Prior authorization, on the other hand, is used to determine if a treatment, service, prescription drug, or medical equipment is medically necessary. Insurance companies use prior authorization to see if a patient is eligible to receive certain procedures.  

Predetermination vs prior authorization 

Prior authorization is usually the first step to ensuring that patients have the medical insurance to provide payment for whatever medical procedure or medication they need. It simply functions as a means of confirming a patient's eligibility for specific treatment without stating how much coverage. 

Predetermination, on the other hand, relays coverage specifics and usually includes information like the percentage of coverage available to the patient, how the insurers will pay the claim, and when the medical provider or patient will receive the repayment.

Step therapy 

Step therapy refers to the process by which insurance companies ensure that more affordable or appropriate medications don’t work for a patient before paying for certain medications. This means patients will have to try a different medication before they can receive coverage for the one prescribed by their healthcare provider.

This process is used by insurance companies to regulate costs and prevent avoidable medication use. So if an insurance company determines that there’s a less expensive option which is still effective for the condition than the one prescribed by the healthcare provider, they’ll request you try it first. 

As the name suggests, step therapy often means that medications are divided into many steps. Step one medications (which are usually, but not always, generic) are often covered without any problems.

Insurance providers require evidence that a patient cannot take a step one drug before covering the cost of medication in the following level up. It could also be evidence that the patient attempted it and it was unsuccessful. The number of steps varies; however, two or three are typical for most insurance companies. 

Gold carding

Gold carding refers to the practice where health insurance providers waive prior authorization on services and prescription drugs which are ordered by those with a proven track record of prior authorization approvals.

Peer-to-peer review

A peer-to-peer review is an appeal process that occurs when an insurance company denies a patient’s request for services. Denials may be for medications, medical services, medical orders, and inpatient status.

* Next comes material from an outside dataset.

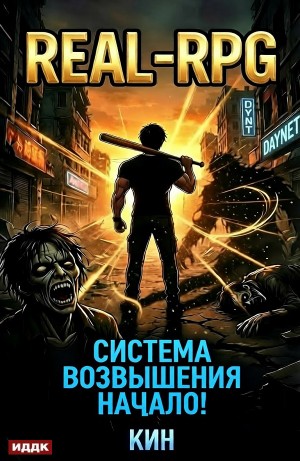 Система Возвышения. Книга 1. Начало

It involves a scheduled phone conversation between the physician and the insurance carrier’s medical director. During this conversation, the physician discusses the importance of the procedure or drug with the medical director. This process functions as an appeal to a denied prior auth request but can also help in obtaining prior authorization.

Nudges

Nudges are used to guide patients towards making efficient decisions during the prior authorization process. The goal: streamline the process, reduce administrative burdens, and ensure that medically necessary and cost-effective treatments are approved in a timely manner.

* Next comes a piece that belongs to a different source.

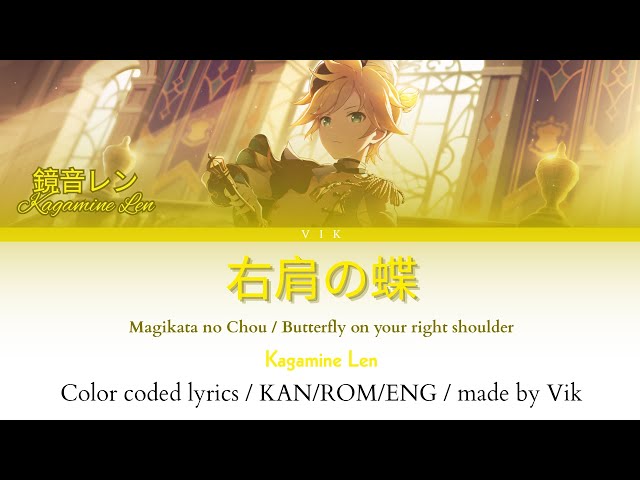 波と蝶 右肩の蝶 / Butterfly on your right shoulder | Kagamine Len | color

Contact information by insurance companies

Cigna

Medicare

United Healthcare

Community Health Options

Humana

Anthem

Aetna

How Local Infusion handles prior authorization

Local Infusion's dedicated guides are highly experienced in working with various insurance providers, patients, and physicians. This, in concert with a digitally-streamlined process, helps to get patients through the process as efficiently as possible, oftentimes weeks faster than through other sites of care.

Within hours of a physician referral, our team will reach out and digitally onboard patients — a quick process that takes less than two minutes.

We then work with providers, patients, and insurance providers to ensure that the authorization submission is as complete as possible, to increase the chances of a speedy approval. Regular updates are shared with providers and patients as the process progresses so no one is in the dark.